Shortly after Tonny found out what was behind all these changes. His father had disowned him, declared that he was not his son, and that was the beginning of an identity crisis that would bedevil the young man for the rest of his life.

It was not clear what triggered his father's decision. When Tonny would ask his mother, she would tell him she didn't know why.

"My mother told me he was the only man she had ever been with and there was no doubt that he was my father," he said.

Tonny was the only child born to Banyarwanda parents in Uganda, and what followed after his biological father denied him was a life of hardship, torment and brokenness.

Given that it was 1998, the DNA results were not conclusive and they were to take more tests, but this never happened.

"He just couldn't wait any longer, he was so bent on getting me out of his life that my father refused to take the second test," he said.

Tonny became aggressive at school and was always fighting other children at school. His mother was forced to start a small hair salon to cater for their needs.

"He broke me. I remember being completely lost as a child, I was angry most of the time and had so many questions," he said.

"My mother taught me how to read the bible and pray," he added.

While in P7, Tonny's mother started dating and later married Kennedy Ssenoga.

Life started changing for the better.
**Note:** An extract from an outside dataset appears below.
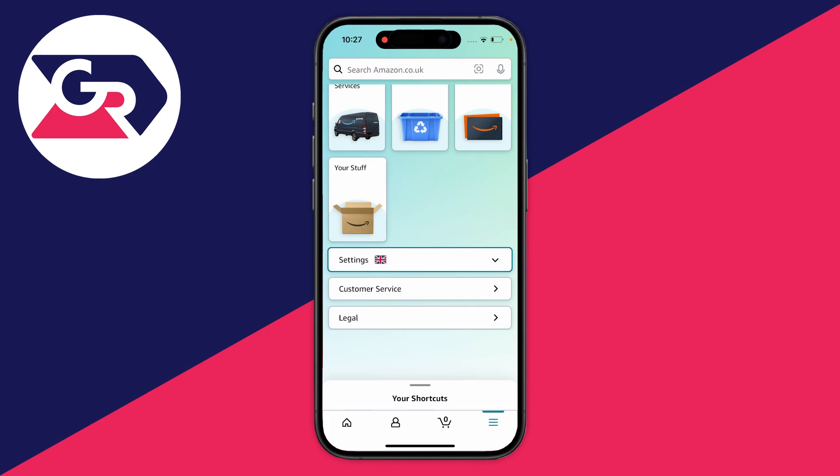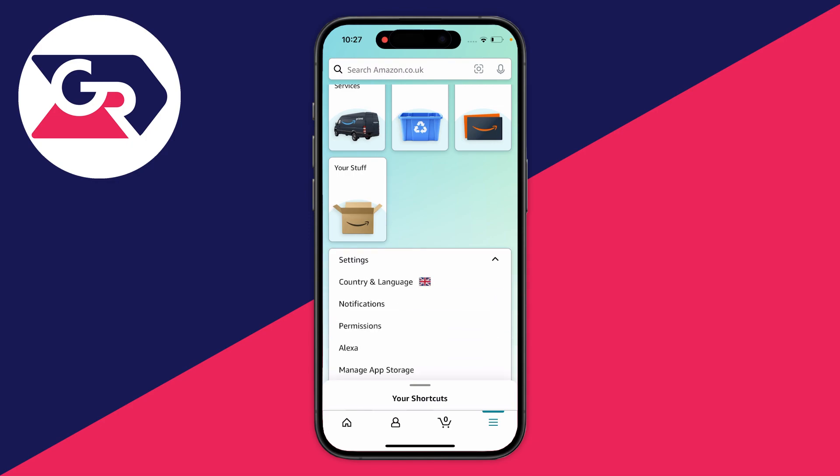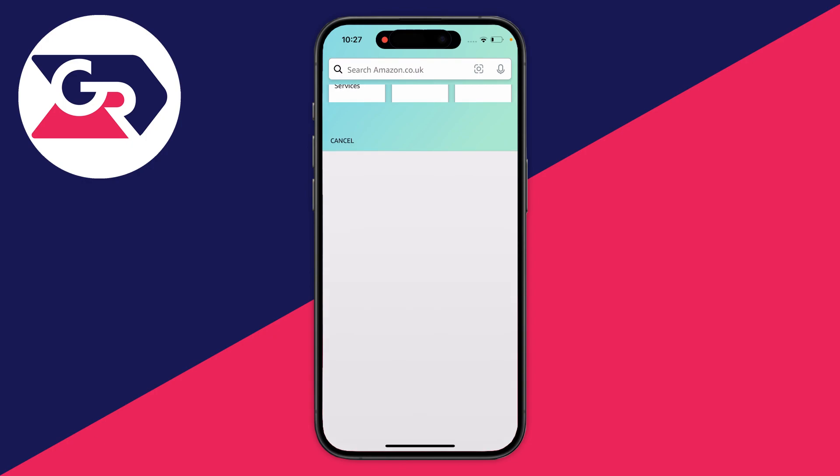You can see the United Kingdom flag because that's what I currently have and what my Amazon is set to. If we click on it to expand it, we then have the option for Country and Language, so we can click there.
Tonny's step father took him to better schools, bought him everything he needed and became the father he needed. He also got a sibling, but he never forgot his biological father or the brokenness he left with him.
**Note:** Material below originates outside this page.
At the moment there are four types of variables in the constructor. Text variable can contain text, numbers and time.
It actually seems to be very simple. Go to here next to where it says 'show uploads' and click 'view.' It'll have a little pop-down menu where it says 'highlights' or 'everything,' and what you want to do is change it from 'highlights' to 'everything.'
His step father went out of his way to support the young boy, he would sit with him and give him additional coaching in all subjects, so that he could do better at school. Tonny said many kids in his situation aren't as lucky. But, he still harboured an identity crisis and had unanswered questions.

Twenty years later, while driving on a road in Kigali, he saw someone who looked like his biological father. He got his number from one of his relatives and called him. He arranged a meeting because Tonny wanted to look him in the eye and ask him the questions he harboured from childhood.

"When I faced him, the only question I could muster was, 'Are you my father', which he couldn't answer directly. I told him I would never ask him this question again, and I left," Tonny said and he was a little happy to meet him after all these years.

"To be honest I lost one thing that money can’t buy, and that’s identity, I see its deficit manifest in my life," he said. Because of this he still doesn't know up to now if he is Rwandan or a Ugandan.

His biological father told his friends that he disowned him because Tonny was dark yet his parents were both light skinned.